With an Android device’s internal GPS I would only use manual or placement. I have used automatic placement with a high accuracy (2 - 50cm) external device. I generally advise manual recording, as placement is probably only as good as the base map available (which in @ahblake’s case is often very good!). Conversely it can be a good way to hybrid digitise (i.e. place the point on current location and then adjust ‘visually’ if necessary to account for potential drift / poor signal). This is intense, interactive data collection!

During capture of a polygon (or line) I always expect the device to be screen-active and in the hand (even in automatic capture). Otherwise it’s a game of pin the tail on the donkey.

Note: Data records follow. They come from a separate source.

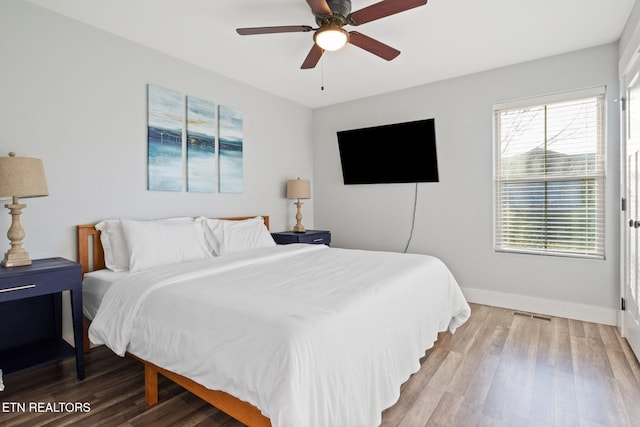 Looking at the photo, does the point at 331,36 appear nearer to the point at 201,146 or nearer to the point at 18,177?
the point at 201,146

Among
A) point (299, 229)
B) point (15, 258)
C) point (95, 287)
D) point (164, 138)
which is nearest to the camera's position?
point (15, 258)

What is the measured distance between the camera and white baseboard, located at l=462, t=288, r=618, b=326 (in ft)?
10.3

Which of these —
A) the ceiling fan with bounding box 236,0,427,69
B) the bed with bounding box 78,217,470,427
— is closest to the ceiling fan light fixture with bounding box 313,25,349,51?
the ceiling fan with bounding box 236,0,427,69

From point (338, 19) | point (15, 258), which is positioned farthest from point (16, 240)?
point (338, 19)

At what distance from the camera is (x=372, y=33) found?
9.43 feet

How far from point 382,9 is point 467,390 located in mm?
2393

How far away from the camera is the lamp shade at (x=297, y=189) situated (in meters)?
4.40

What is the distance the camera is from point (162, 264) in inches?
103

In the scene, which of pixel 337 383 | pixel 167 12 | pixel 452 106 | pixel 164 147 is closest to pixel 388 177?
pixel 452 106

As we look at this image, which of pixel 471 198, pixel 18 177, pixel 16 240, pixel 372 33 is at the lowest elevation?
pixel 16 240

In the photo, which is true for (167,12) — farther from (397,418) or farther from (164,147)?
(397,418)

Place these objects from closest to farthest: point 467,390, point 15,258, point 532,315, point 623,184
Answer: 1. point 467,390
2. point 15,258
3. point 623,184
4. point 532,315

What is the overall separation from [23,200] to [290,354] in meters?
2.41

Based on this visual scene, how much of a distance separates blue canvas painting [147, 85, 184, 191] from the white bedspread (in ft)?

When collecting the data, showing the start vertex in a different colour would be helpful, particularly if there are not many distinguishing features on the ground (e.g. an arbitrary start point). This would help avoid overshoot which is a common cause of error for me.

Unless web forms are going to have full digitising capability (move / add / delete vertices) then an external GIS-type editor is probably more efficient - giving enumerators too many ways to clean their own data could be counter productive for producing ‘good’ primary data (as with many things there is a danger of “perfect” being the enemy of “done” or more likely “adequate for the purposes”).

There is a whole other story about overlapping polygons…

2 Likes

Thank you all for sharing your experiences and common scenarios! Seeing screenshots of the invalid polygons is very insightful. It gives us a better sense of the types of shapes that are causing issues.

I should have mentioned earlier that we’re also looking into overlapping polygons, since we know that’s a major pain point. We’ll share more updates soon and cross-link the posts so everything stays connected :blush:

A couple thoughts I’ve had in the past… if you temporarily make the polygon (geoshape) into a line (geotrace) - then it becomes much more readily editable in Enketo without it constantly complaining.

I’ve very curious about this too. In some cases we’ve seen, it has been from a bunch of points clustered together (eg they stopped for a few minutes whilst still recording?), and with the GPS fix bouncing around a bit is it highly likely you’d get some lines crossing. A quick fix for this situation could be to, say, coalesce adjacent points next to each other in the sequence and very close (eg <1m?) into 1 point. [adjacency would avoid inadvertently coalescing when you return to near the same location to say cross back over a bridge…].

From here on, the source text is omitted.